» PROBLEM REQUIREMENTS
Beneath this task are records; print exactly the stretch of them from the line with "Reading Mastery Reading" through the line with "Trx4 k10 2.2inch", both ends included.

» RECORDS TO USE

◆ ◆ ◆

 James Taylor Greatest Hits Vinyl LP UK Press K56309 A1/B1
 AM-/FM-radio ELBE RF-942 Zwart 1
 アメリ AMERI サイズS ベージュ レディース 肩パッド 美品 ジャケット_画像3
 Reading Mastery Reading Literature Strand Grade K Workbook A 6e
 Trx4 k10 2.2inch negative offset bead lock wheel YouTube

◆ ◆ ◆

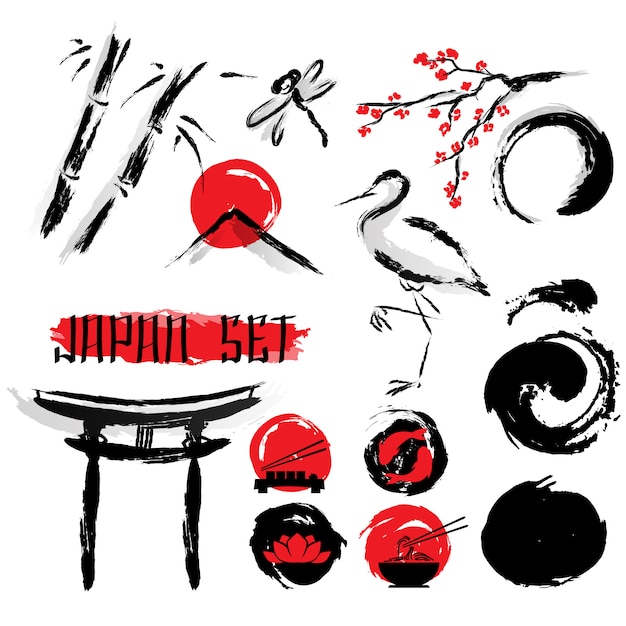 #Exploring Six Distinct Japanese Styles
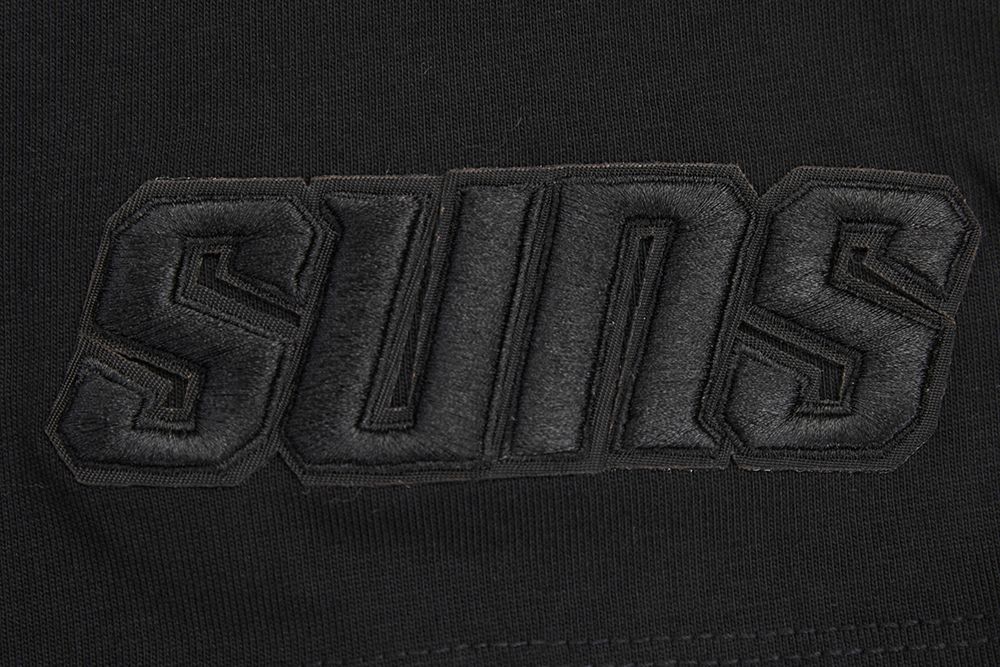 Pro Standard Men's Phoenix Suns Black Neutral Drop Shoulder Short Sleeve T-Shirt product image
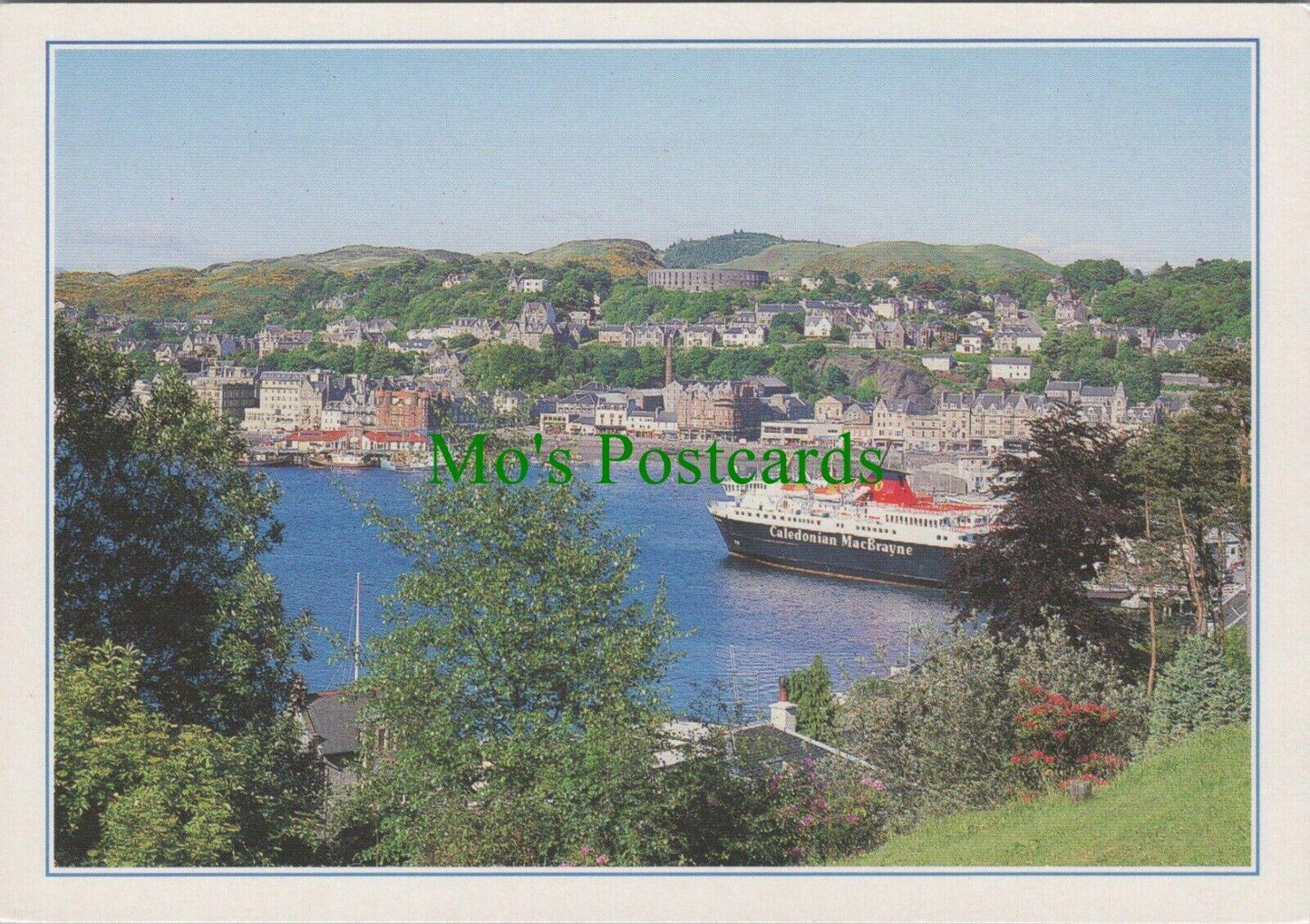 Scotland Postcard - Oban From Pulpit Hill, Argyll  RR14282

◆ ◆ ◆

» RESPONSE TO THIS EXERCISE
 Reading Mastery Reading Literature Strand Grade K Workbook A 6e
 Trx4 k10 2.2inch negative offset bead lock wheel YouTube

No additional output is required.